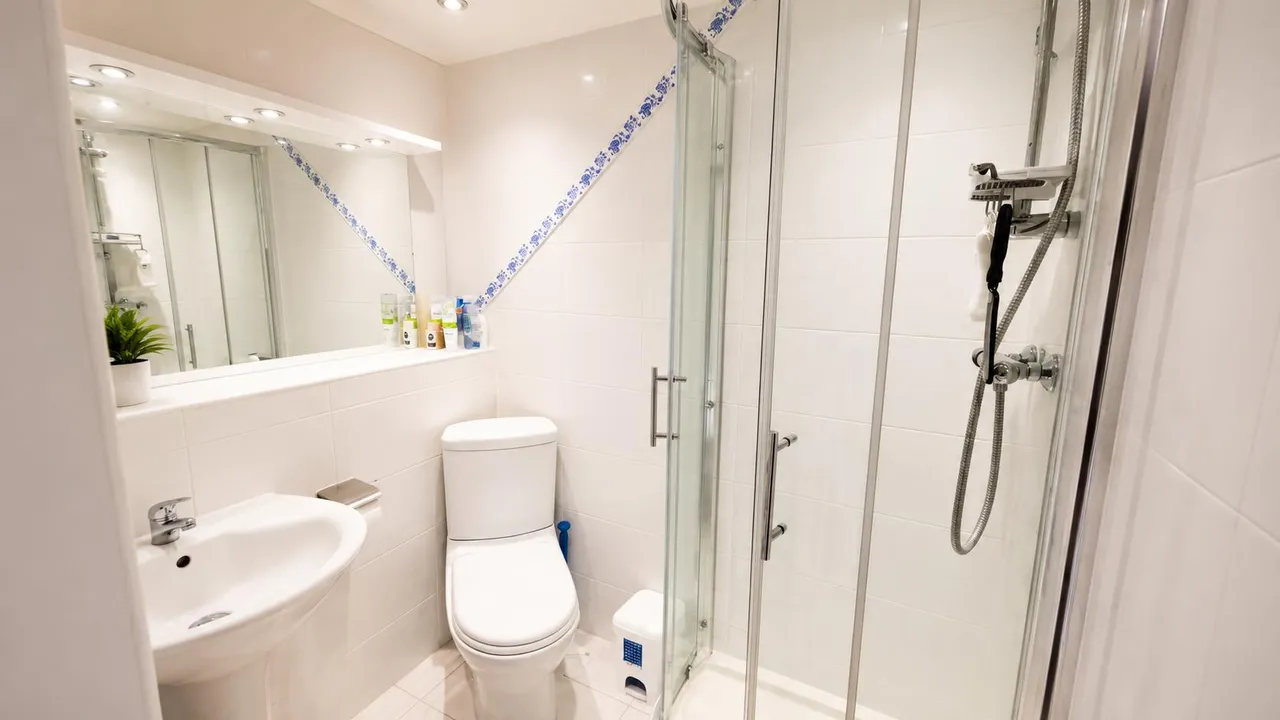 Tolworth Gardens, Chadwell Heath, RM6, photo 14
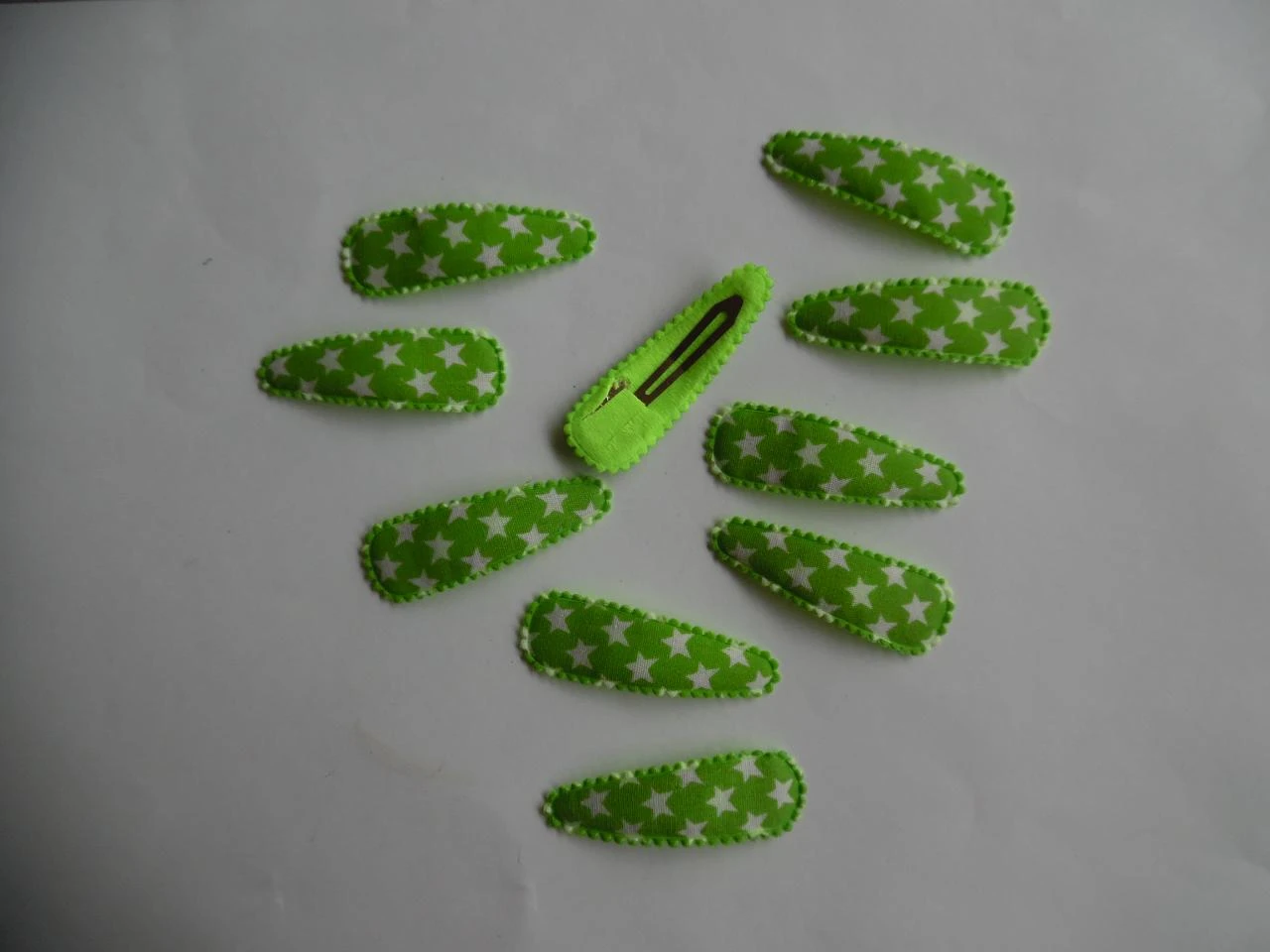 Partij 10 haarspeldjes 5 cm groen met sterren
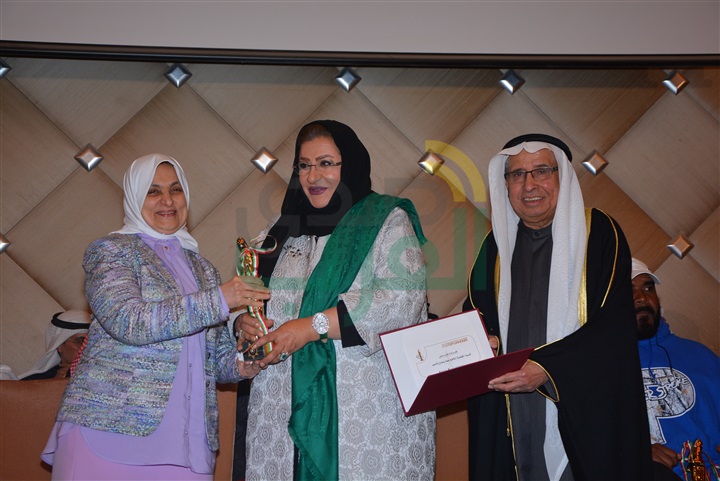 بالصور.. "بهبهانى" يفوز بجائزة الابن البار بدولة الكويت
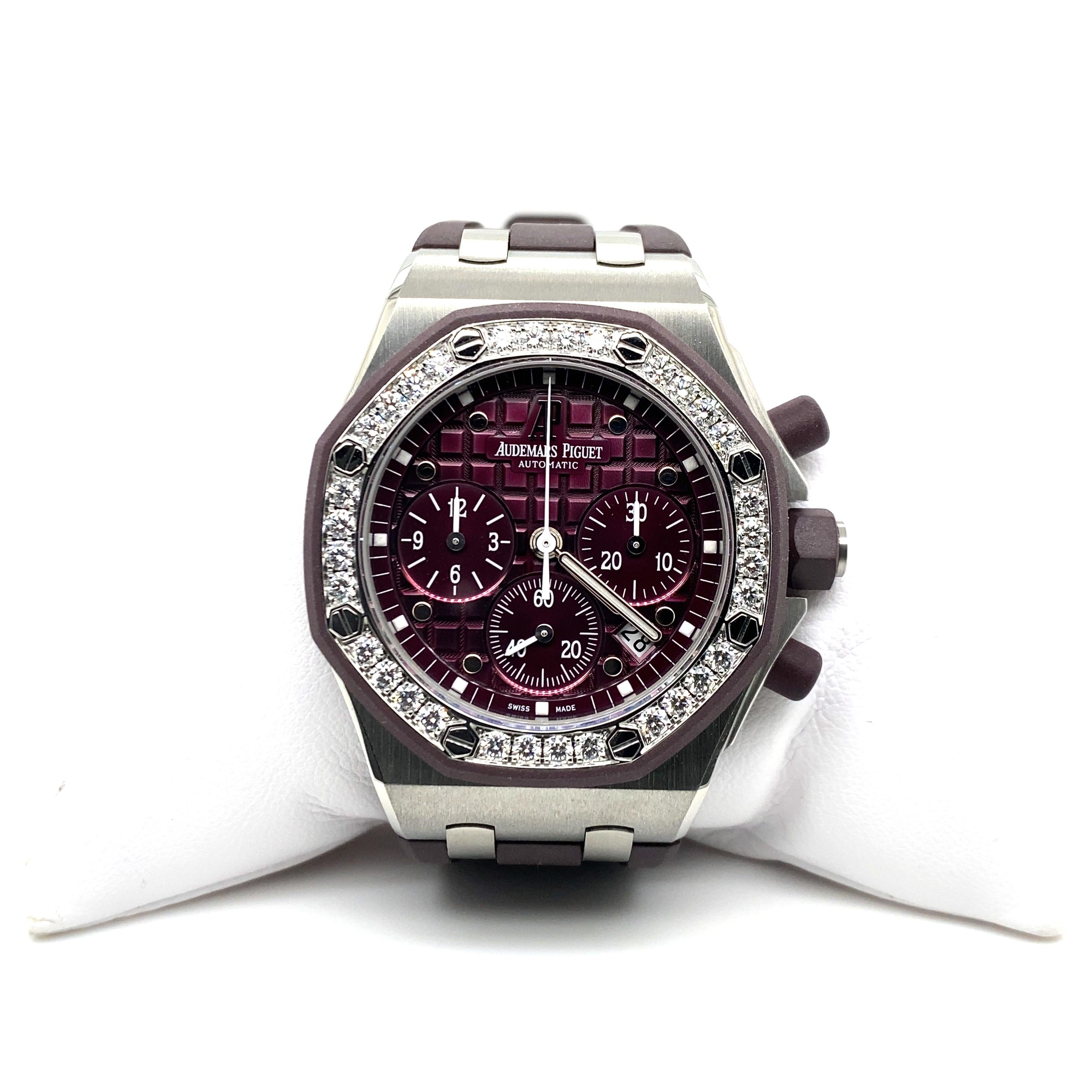 Fine Audemars Piguet ladies chronograph watch in stainless steel. Selfwinding movement, chronograph functions with second-, minute-, and hour indication. The watch has a small second running indication at 6 o'clock and date display between 4 and 5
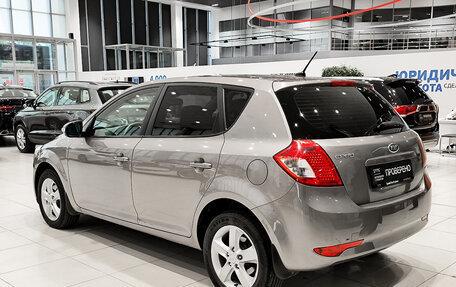 KIA cee'd I рестайлинг, 2011 год, 770 000 рублей, 11 фотография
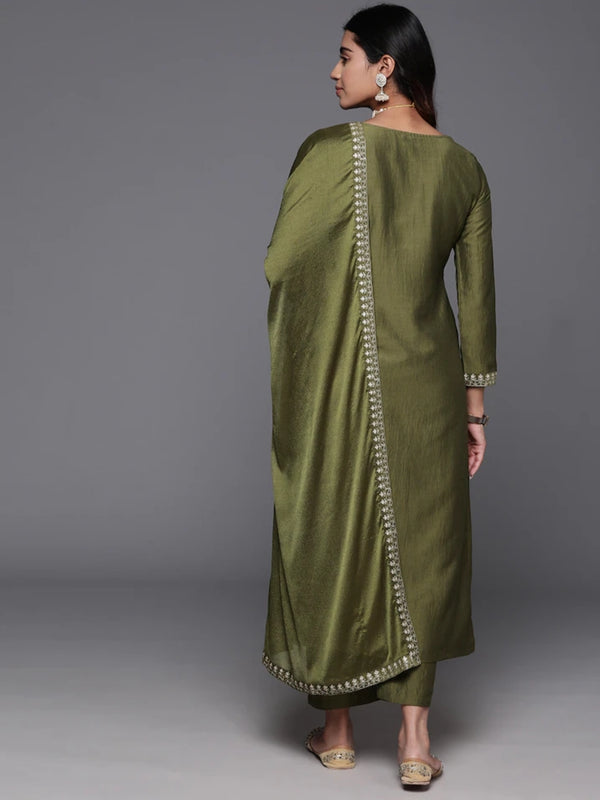 Women’s Viscose Chanderi A-Line Kurta Set With Embroidered Detailing & Chinon Dupatta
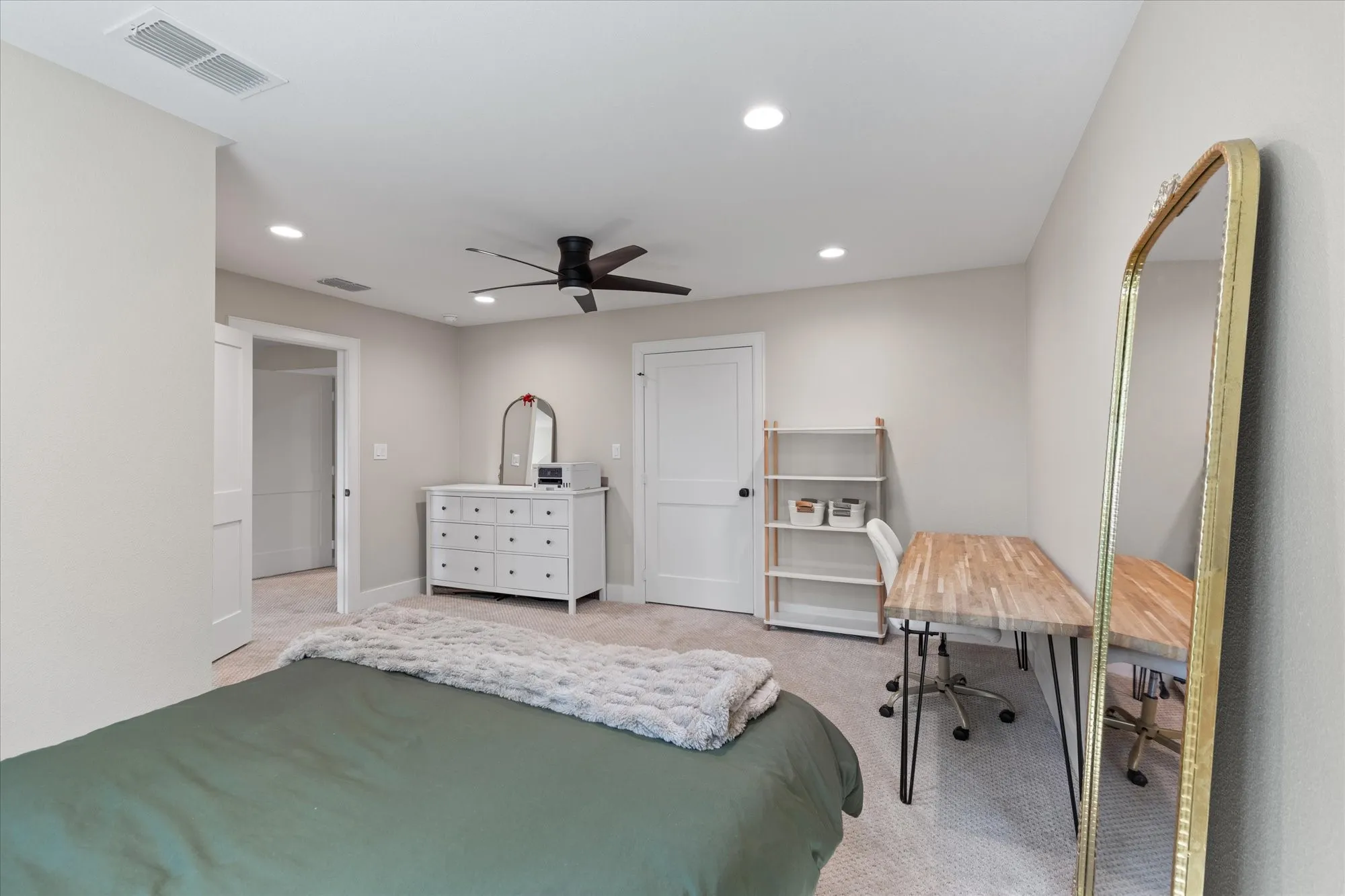 Single Family Residence For Sale in Harrison County , 200 Maple Springs Rd, Longview, Texas 75602, 4 Bedroom, 4 Bathroom, 2 Garage spaces, 3,168 Sqft, built in 2024, mls#21407900, Real Estate Agent in Longview, Homes For Sale in Harrison county, Homes For Sale in Longview, Realtor in Longview Texas, Real Estate Brokerage Independent Realty Texas, Luminita Cordes Realtor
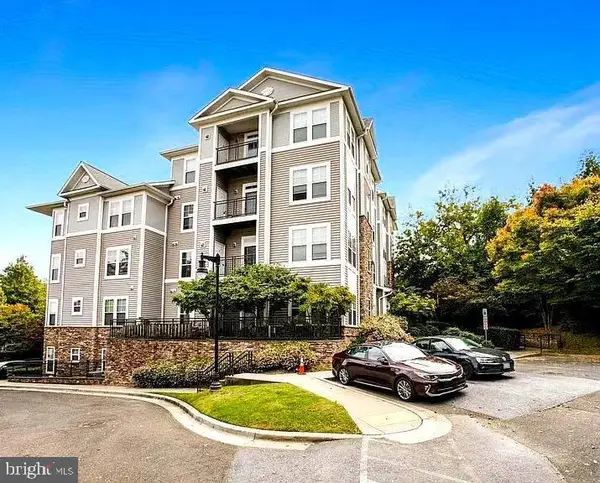 1301 Karen Blvd #401, CAPITOL HEIGHTS, MD 20743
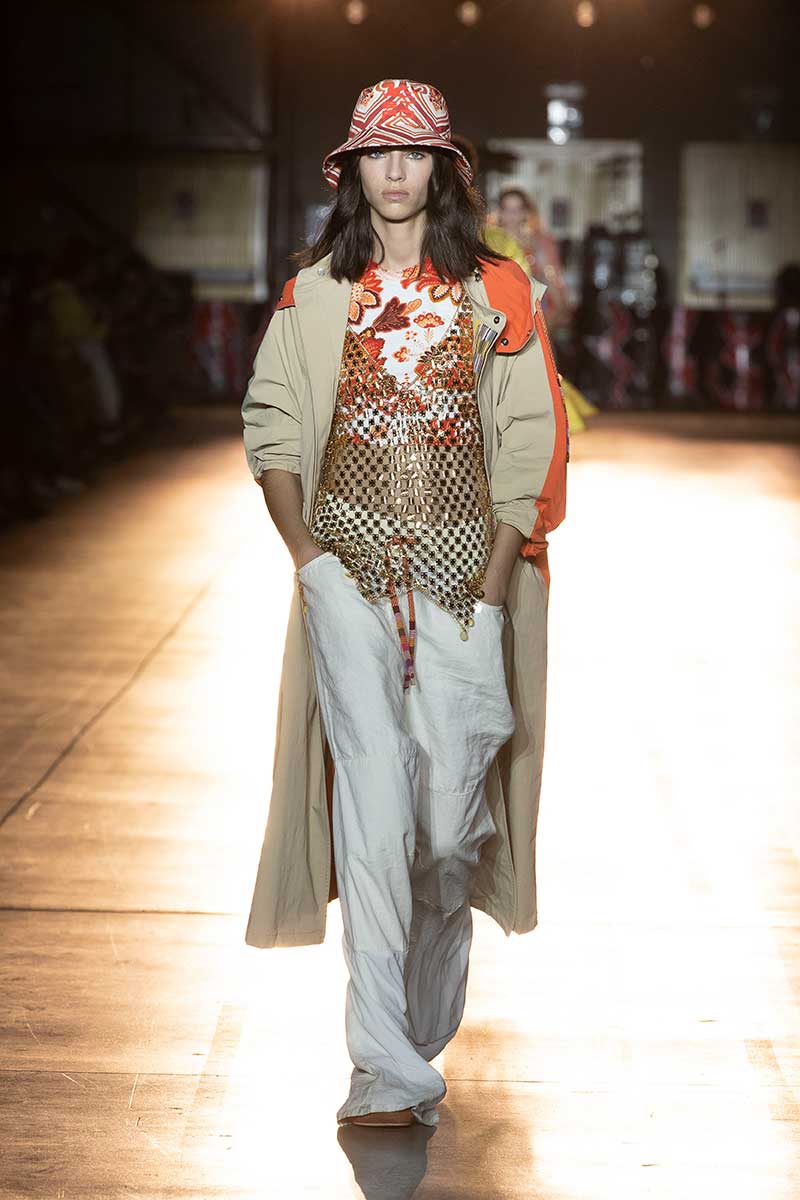 Tendenze pantaloni primavera estate 2022. Photo courtesy of Etro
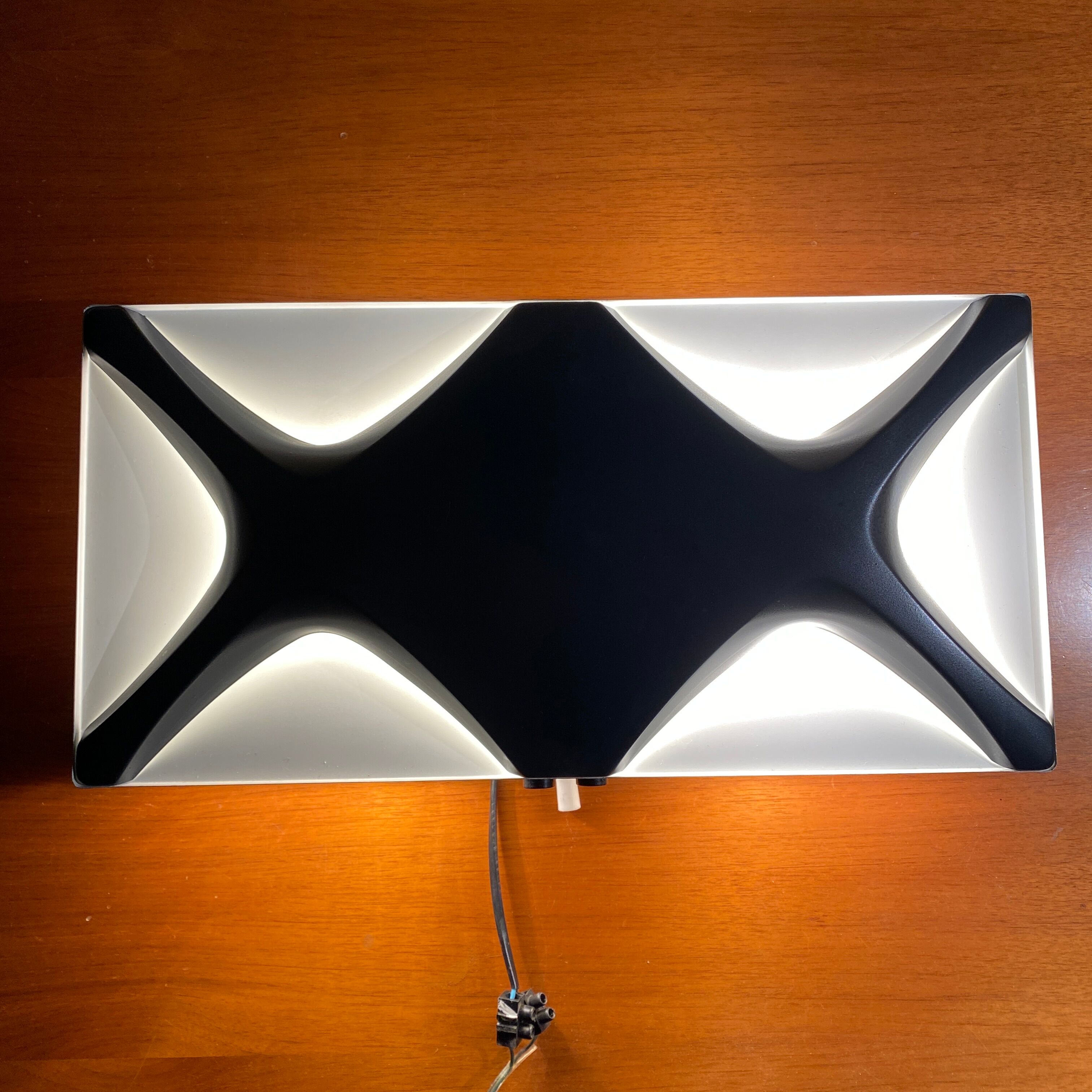 Wall lamp "Oyster" by Dietter Witte for Staff Leuchten. 1968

*EXERCISE BRIEF*
If a record holds a picture, leave the picture out, but copy everything else exactly.

*ANSWER BELOW*
 Tolworth Gardens, Chadwell Heath, RM6, photo 14
 Partij 10 haarspeldjes 5 cm groen met sterren
 بالصور.. "بهبهانى" يفوز بجائزة الابن البار بدولة الكويت
 Fine Audemars Piguet ladies chronograph watch in stainless steel. Selfwinding movement, chronograph functions with second-, minute-, and hour indication. The watch has a small second running indication at 6 o'clock and date display between 4 and 5
 KIA cee'd I рестайлинг, 2011 год, 770 000 рублей, 11 фотография
 Women’s Viscose Chanderi A-Line Kurta Set With Embroidered Detailing & Chinon Dupatta
 Single Family Residence For Sale in Harrison County , 200 Maple Springs Rd, Longview, Texas 75602, 4 Bedroom, 4 Bathroom, 2 Garage spaces, 3,168 Sqft, built in 2024, mls#21407900, Real Estate Agent in Longview, Homes For Sale in Harrison county, Homes For Sale in Longview, Realtor in Longview Texas, Real Estate Brokerage Independent Realty Texas, Luminita Cordes Realtor
 1301 Karen Blvd #401, CAPITOL HEIGHTS, MD 20743
 Tendenze pantaloni primavera estate 2022. Photo courtesy of Etro
 Wall lamp "Oyster" by Dietter Witte for Staff Leuchten. 1968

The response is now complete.